Throughout her life, Posey has been a leader in education, women’s issues, and civil rights. Posey was born to Mr. and Mrs. Weldon Posey in Oklahoma City in 1943. As a teen, she attended Douglas High School in Oklahoma City, graduating in June 1960. She later attended the University of Oklahoma.
Then fifteen-year-old Posey met Clara Luper, an Oklahoma City history teacher, in 1958 and a sponsor of the Youth Council. Luper inspired Posey’s political awareness. She participated with other students in a play written by Luper that the Youth Council performed in New York City at an NAACP freedom rally. Introduced to other civil rights efforts and leaders across the nation at that rally, the students returned to Oklahoma determined to end segregated facilities in their state. As vice-president of the Council, Posey became the spokesperson for the group as they pursued sit-in demonstrations and boycotts of restaurants until 1964. During the course of the student sit-ins in which upwards of 500 students participated at one time, they opened sixty-six establishments in the city to African Americans patrons on a desegregated basis. The group also helped to integrate churches, recreation parks, swimming pools, and restaurants. Because of her leadership in this campaign, Posey at seventeen addressed the national NAACP convention in St. Paul, Minnesota in 1960. In 1958 Posey received the first of several civil awards when Zeta Phi Beta Sorority named her “Girl of the Year.”
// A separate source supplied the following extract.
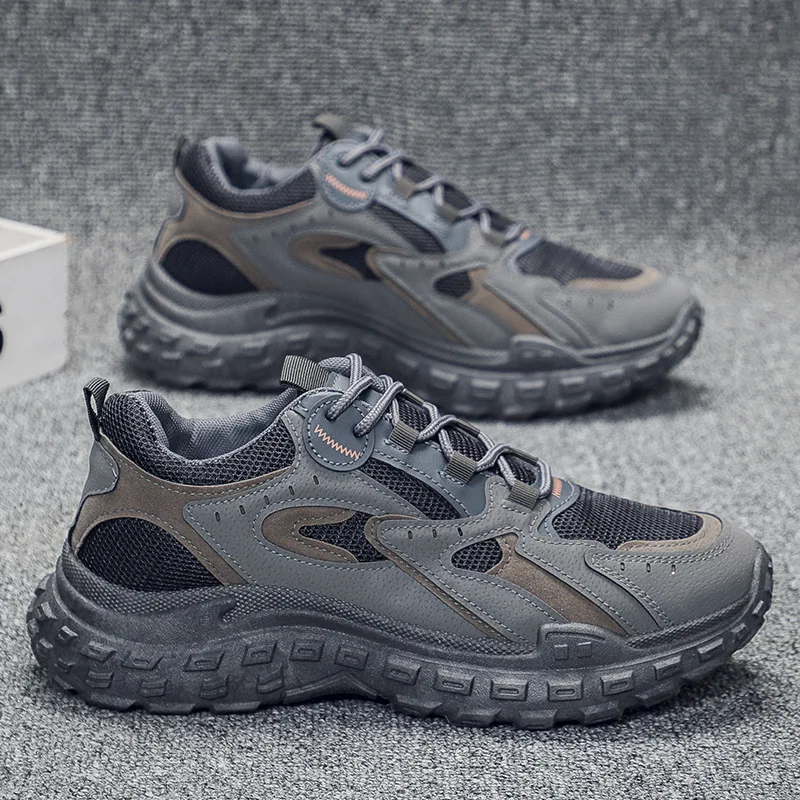 High Quality Men Shoes Fashion Breathable Outdoor Running Shoe Comfort Non Slip Lace Up Platform Shoes Durable Mesh Men Sneakers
Barbara Posey earned a B.A. degree in government, economics, and math from the University of Oklahoma in 1963. As an undergraduate she remained active in civil rights campaigns while serving as president of the NAACP Oklahoma Youth Conference. She earned an M.A. from the University of Illinois in 1966, and a Ph.D. degree from Georgia State University in 1973. Later she married political scientist Dr. Mack H. Jones.
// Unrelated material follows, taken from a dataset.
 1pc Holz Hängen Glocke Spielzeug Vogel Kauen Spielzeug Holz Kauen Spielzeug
Posey has written extensively on racial inequality in economics and unemployment. She is a past editor of The Review of Black Political Economy, and has served on the advisory board of the Rockefeller Foundation for Minority Scholars and the Wellesley College Center for Research on Women. In addition to teaching at Ahmadu Bello University in Nigeria, Jones has taught at the University of Illinois, Texas Southern University, and Atlanta University and Clark college (both schools consolidated in 1988 to form Clark Atlanta University). Professor Jones is now on the faculty of the Alabama A&M University School of Business, where she has served as past Dean. Her daughter is the distinguished novelist and English professor, Tayari Jones.